### Try it
Find the line with "Yoga Frog The" in the records below. Copy it and every line after it, up to and including the line with "New 2026 Mercedes-Benz".

### Data under study
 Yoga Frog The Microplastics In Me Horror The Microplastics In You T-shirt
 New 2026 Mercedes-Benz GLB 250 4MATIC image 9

--

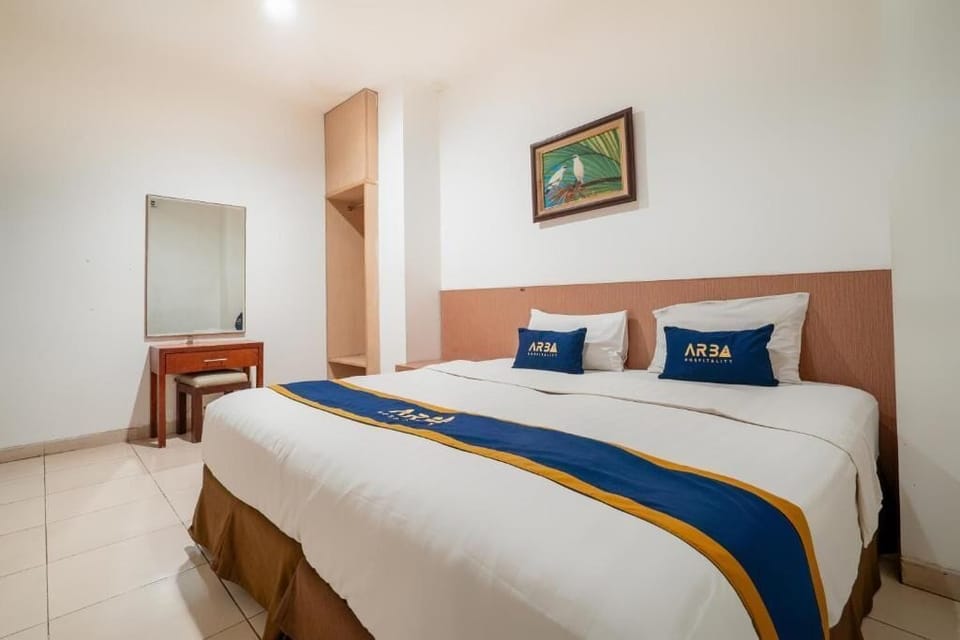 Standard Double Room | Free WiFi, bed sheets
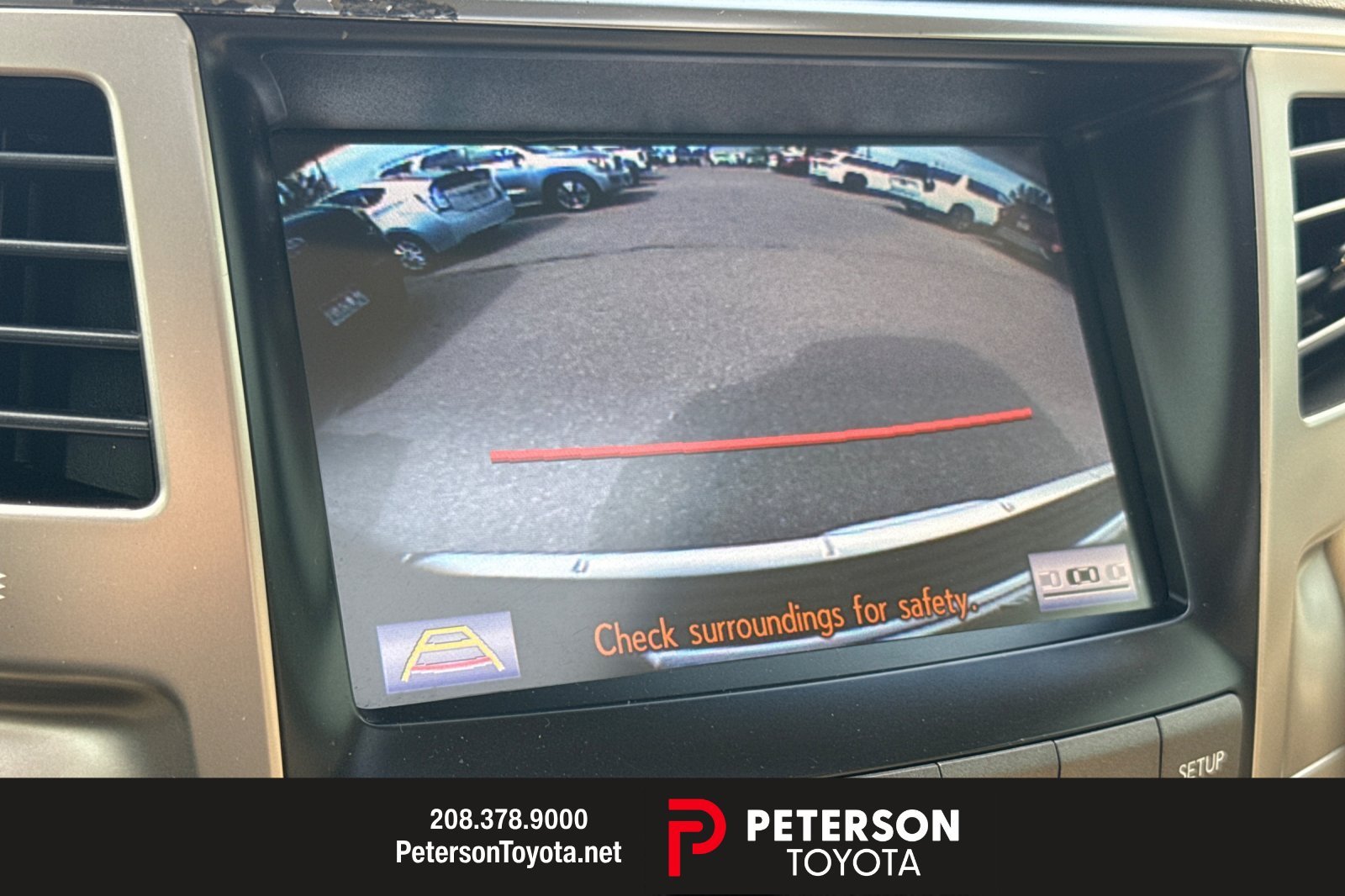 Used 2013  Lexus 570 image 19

---

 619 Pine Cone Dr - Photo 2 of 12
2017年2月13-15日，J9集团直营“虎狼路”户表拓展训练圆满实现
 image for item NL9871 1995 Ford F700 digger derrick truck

### Task result
 Yoga Frog The Microplastics In Me Horror The Microplastics In You T-shirt
 New 2026 Mercedes-Benz GLB 250 4MATIC image 9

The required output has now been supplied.